In the New Economy, the customer is king. Or should be. But according to e-business consultant Patricia Seybold, most companies still don't get it. It's time, she says, for companies to give customers the very best customer experience possible.
When it comes to the importance of the customer experience in the New Economy, nobody waxes more evangelical on the topic than Patricia Seybold.
Founder and CEO of the Patricia Seybold Group, a Boston-based high-tech and e-business-focused consulting and research group, Seybold has been talking up the value of customers and good customer relationships for nearly two decades - long before "customer relationship management" became part of the e-commerce lexicon.

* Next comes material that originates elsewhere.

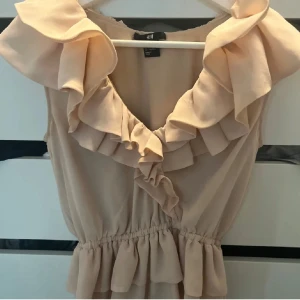 volangtopp H&M - Rosa volang topp från hm, jättefin!!💕💕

In fact, her revolutionary ideas about the customer experience -- and its importance to maintaining profitability in increasingly competitive times -- have turned Seybold into anindustry guru. In her first best-seller, Customers.com, she argues that any e-commerce initiative must start with the customer.

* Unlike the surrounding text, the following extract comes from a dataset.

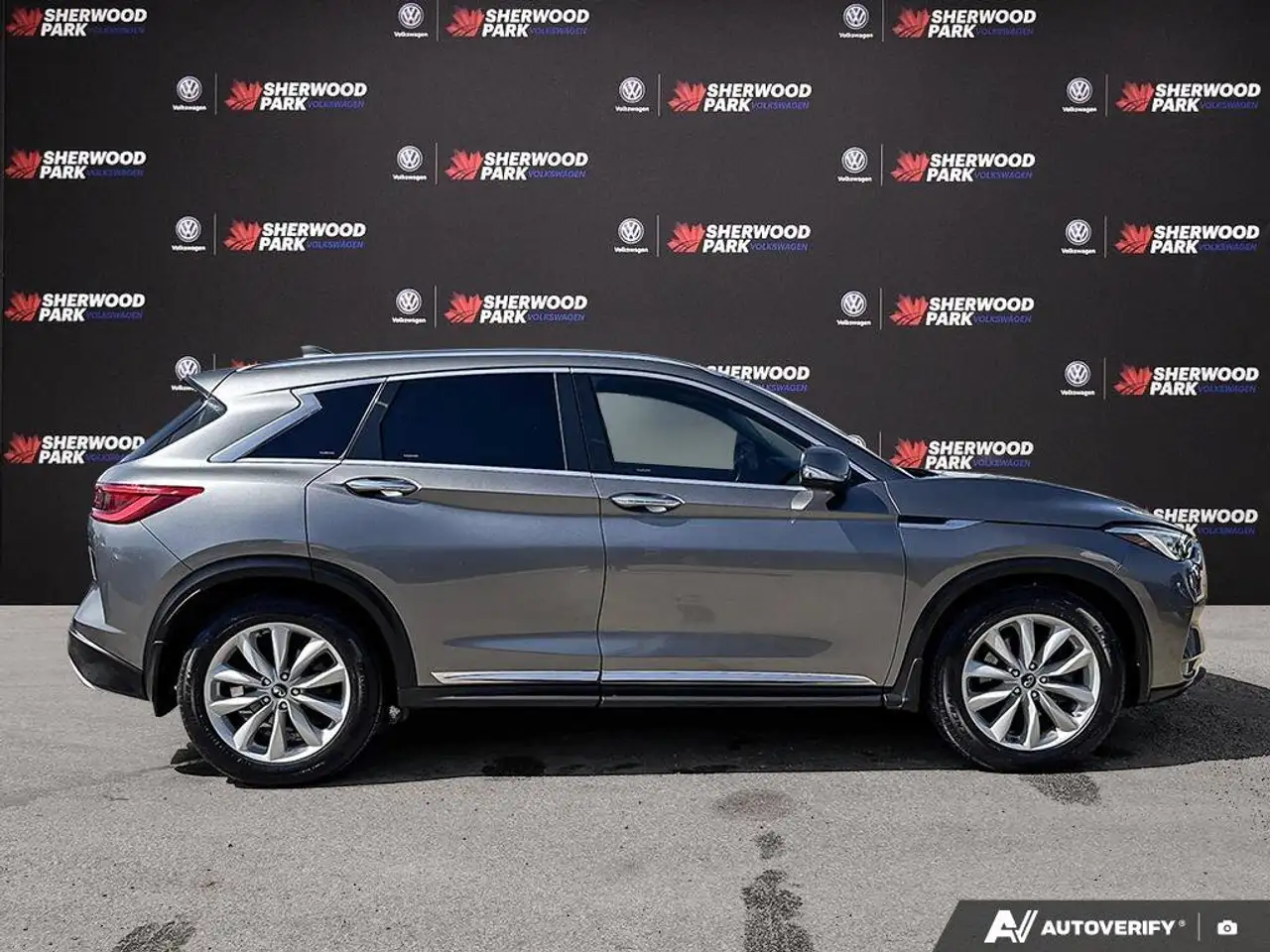 Infiniti QX50 снимка Infiniti QX50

She then goes on to give examples of 16 companies, among them Amazon.com, Cisco, Wells Fargo and American Airlines, that have recognized the value of the customer and designed their e-business strategies accordingly.

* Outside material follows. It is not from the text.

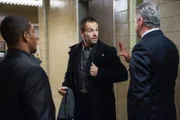 Gemeinsam versuchen sie einen neuen Fall aufzuklären: Sherlock (Jonny Lee Miller, M.), Gregson (Aidan Quinn, r.) und Bell (Jon Michael Hill, l.) ...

Seybold came out with her second title, The Customer Revolution, which also shook up conventional wisdom in corporate America. In it, she outlined the basic principles of the "customer economy" and went on to give examples of companies that were retooling or refocusing their businesses to run on metrics, such as customer satisfaction, acquisition, and retention rates.
She even predicted the emergence of a new metric, the "Customer Value Index," which would allow investors to measure a company's performance by looking at the current and future value of its customer base.
Seybold spoke with Enterpriseleadership.org about this second book, the ongoing transformation of corporate culture, and what it takes to create the total customer experience.
EL: The mantra of your first book, Customers.com, was "make it easy for customers to do business with you." What is the mantra for your second book, The Customer Revolution - and what is its significance?
PS: I'm saying that customer relationships count to the bottom line of your company, that the value of your company in this new, customer economy is going to be based more than ever on the value of your customer franchise.
That means the actual net present value of the lifetime earnings from your current customers -- that's usually referred to as customer lifetime value -- and what I call the customer momentum, which is your estimated future earnings from your projected future customers. That combination is your customer franchise.
EL: So building good customer relationships needs to become a core competency for everyone who wants to do well.
PS: That's right. Both business-to-consumer and business-to-business. And one additional thing I would suggest is that companies with B2B relationships need to understand that a customer is not an account, but a set of individuals within the account they're servicing.
EL: In an age where everyone is talking about CRM and personalization and things like that, it seems as though customer service is getting worse, not better. What is that all about?
PS: There are a couple of things at play. One is that our expectations as customers have actually gotten higher. Because of Amazon, we expect immediate responsiveness. Because we do have enough good examples of a really good customer experience, it has raised our expectations.
It's also partly because of technology and what technology enables. We don't understand why the companies we deal with don't have a 360-degree view of our relationship with them.
Number two, as companies have moved to more customer self service, they've actually ended up triaging customer support in such a way that customers can actually do the easy stuff on their own. So you can typically check the status of things: you can check your account balances, you can suspend delivery of a newspaper, you can order tickets, all that kind of stuff.
The things that we actually need a person for tend to be much more complex and they often tend to be things that involve cross-functional expertise. It's not just a technical question; it may also be a technical question, a billing question, and a legal question. It's more complex, and one person may not have the answers or access to the information to really solve that problem.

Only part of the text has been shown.